Essa proximidade nunca havia ocorrido nas duas vezes em que Lula venceu a disputa, em 2002 e 2006, quando a diferença chegou a 10 e 17 pontos, respectivamente. Em 2022, ele ainda mantinha 21 pontos de vantagem sobre Jair Bolsonaro.

Especialistas atribuem o aperto ao eleitorado mais dividido, à falta de grandes marcas de campanha e à polarização que reforça o voto útil. Conforme divulgado pelo FolhaPress.

Comparação histórica das margens de vitória de Lula

2002: a onda de mudança

Na primeira eleição, Lula liderava José Serra por 10 pontos percentuais, impulsionado pelo discurso de renovação e programas como o “Fome Zero”.

2006: liderança confortável apesar do escândalo

Mesmo com o desgaste do mensalão, a pesquisa de junho mostrava Lula 17 pontos à frente de Geraldo Alckmin, mantendo uma liderança confortável.

2022: polarização e vantagem consistente

Em maio de 2022, Lula alcançou 48% das intenções de voto, enquanto Bolsonaro ficou em 27%, reflexo da rejeição ao bolsonarismo.

2026: o menor intervalo histórico

Agora, a diferença caiu para 4 pontos, margem de erro de dois pontos para mais ou menos, indicando um cenário competitivo e incerto.

Fatores que explicam o aperto

O cientista político Elias Tavares destaca a “redução consistente da margem de liderança” e aponta que o voto útil pode voltar a ser decisivo, como ocorre em países polarizados.

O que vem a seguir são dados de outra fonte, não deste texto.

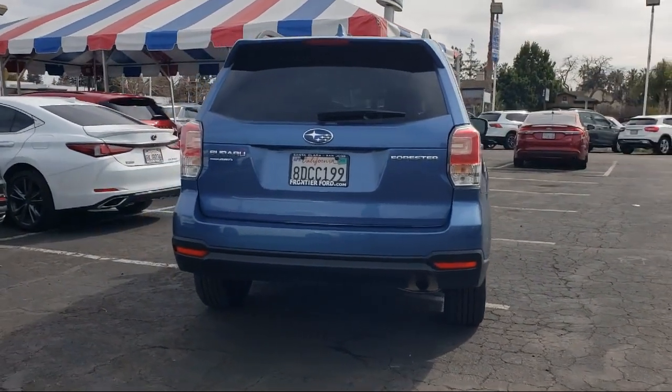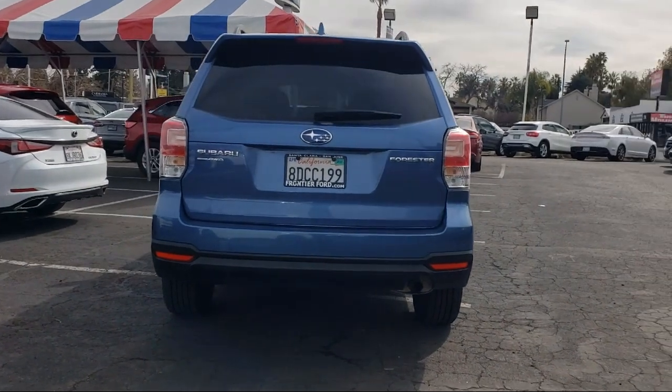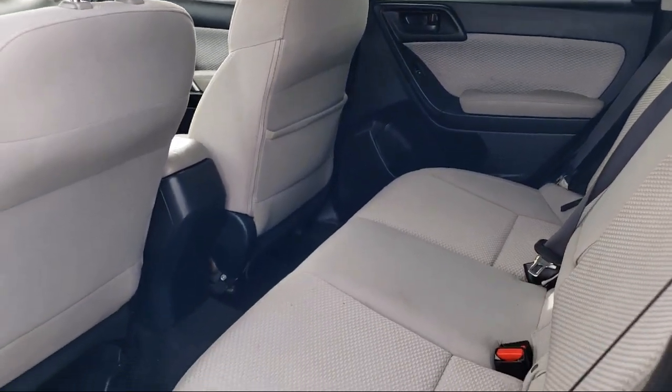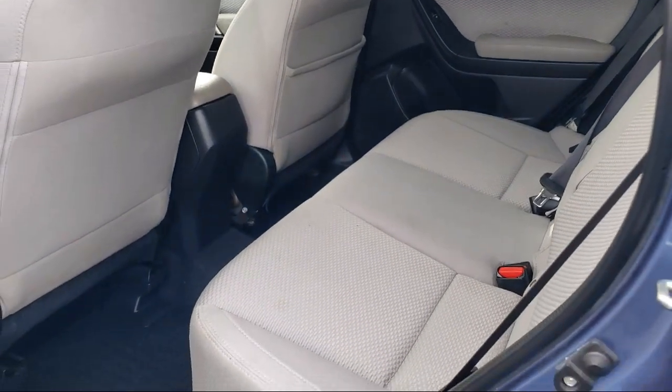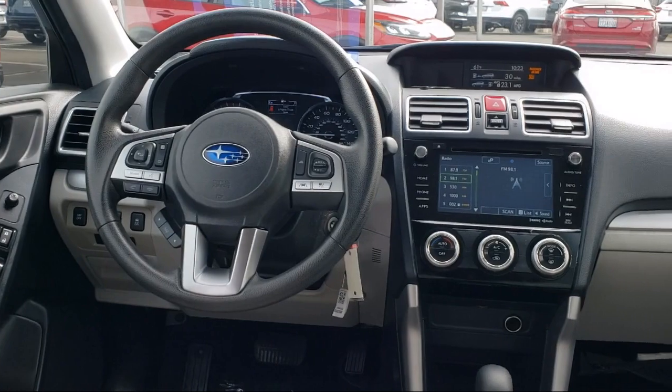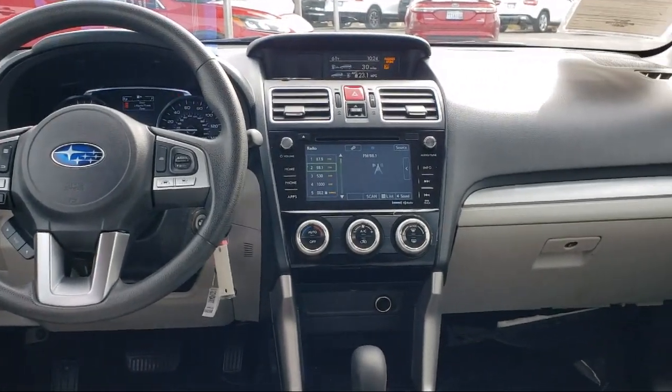Since 1960, Frontier Ford has been your performance Ford store. We have a great selection of cars and trucks to choose from, with a friendly and knowledgeable staff that is eager to help you drive home in a vehicle that is just right for you. So come see us today at Frontier Ford — you'll be glad you did.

Bruno Bolognesi, da UFPR, reforça que a polarização reduz espaço para crescimento de Lula, enquanto Luis Gustavo Teixeira aponta o desgaste do governo e a dificuldade de articular com uma base mais ampla.

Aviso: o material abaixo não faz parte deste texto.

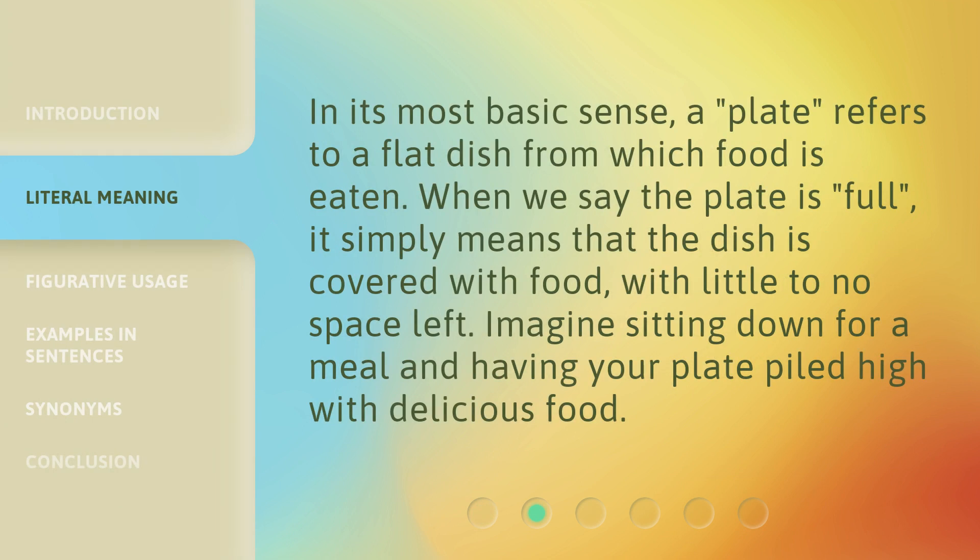In its most basic sense, a plate refers to a flat dish from which food is eaten. When we say the plate is full, it simply means that the dish is covered with food with little to no space left. Imagine sitting down for a meal and having your plate piled high with delicious food.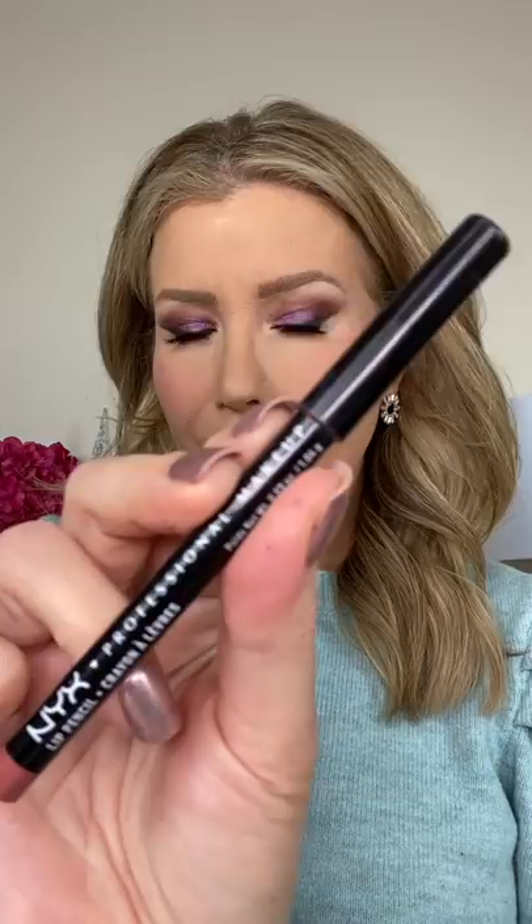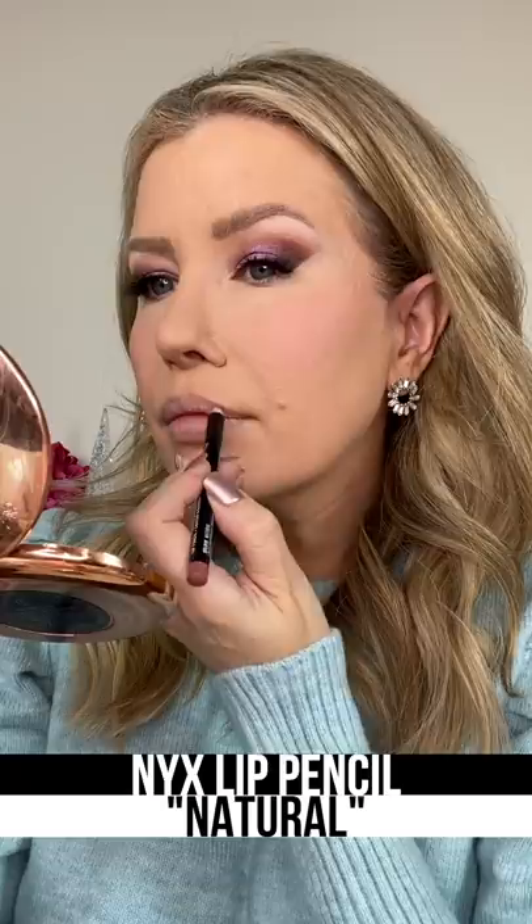Finally, a lip pencil can keep lipstick or gloss from feathering into fine lines around the mouth, and you can also use it to cheat fuller looking lips. Using a shade close to your skin tone will keep it looking realistic.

Rejeição e desafios no segundo turno

Lula tem 48% de rejeição, quase igual a Flávio Bolsonaro, que registra 46%. Se a economia piorar ou escândalos aumentarem, o petista pode ser ultrapassado, alerta Antonio Lavareda, do Ipespe.

O especialista ainda ressalta que, no segundo turno, Lula precisará de uma margem de três a quatro pontos para compensar a alta abstenção entre seus eleitores de baixa renda.

O que pode mudar até o voto

Observadores apontam para a dispersão da direita, que soma 13% de votos entre candidatos como Zema, Caiado e outros. O comportamento desses eleitores pode ser decisivo.

Além disso, a presença de Lula na presidência costuma melhorar sua avaliação ao longo da campanha, conforme Luciana Chong, diretora‑geral do Datafolha.

A pesquisa foi realizada com 2.004 pessoas em 137 cidades, entre 7 e 9 de abril, e está registrada no TSE com o código BR‑03770/2026.